Congestion at crucial ports might lead to a shortage of raw materials and active pharmaceutical ingredients (APIs).
Amid the nationwide lockdown, supply of medicines may be disrupted as pharmaceutical companies continue to face issues related to distribution and logistics.
Units in the pharmaceutical industry were operating at 50-60 percent capacity at the end of the third phase of the lockdown, The Times of India reported.
Moneycontrol could not independently verify the report.
India is dependent on imports of raw materials, especially from China, to manufacture generic drugs. Congestion at crucial ports, such as Jawaharlal Nehru Port Trust (JNPT), may lead to a shortage of raw materials and active pharmaceutical ingredients (APIs), the report said.
Movement of air cargo at Mumbai airport has been affected, the report added.
"Not only is the cargo not being cleared, shipment costs have nearly doubled from $750 per container. There is also an increase in air freight costs to about four times. There are containers with medicines/insulins requiring a cool chain, which could be affected.

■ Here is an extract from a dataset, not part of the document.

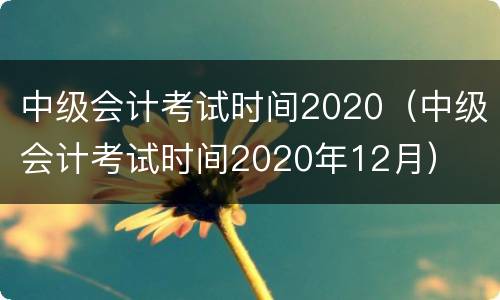 中级会计考试时间2020（中级会计考试时间2020年12月）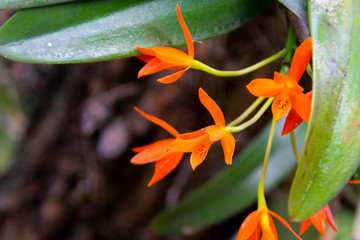 orchid,rain forest,tropical,guatemala,cattleya,flower,beautiful,plant,aurantiaca,background,nature,green,orange,show,decoration,natural,bright,floral,garden,blossom,blooming,orchids,isolated,bloom,bea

We could face a shortfall in raw materials, and disruption in production as our inventory is also over," a source told the publication.
Exports of generic drugs to countries such as the US could also take a hit, since manufacturing has seen a dip at hubs like Baddi (Himachal Pradesh) and Pithampur(Madhya Pradesh).
"We continue to operate our Nashik factory at 100 percent capacity, and our contract manufacturing factories are now operating at 60-65 percent capacity up from 30-35 percent a couple of weeks ago. In some states, we face some minor last-mile logistics and distribution challenges on account of interstate transfer of medicines. But overall, the situation has improved significantly," a GSK spokesperson told the paper.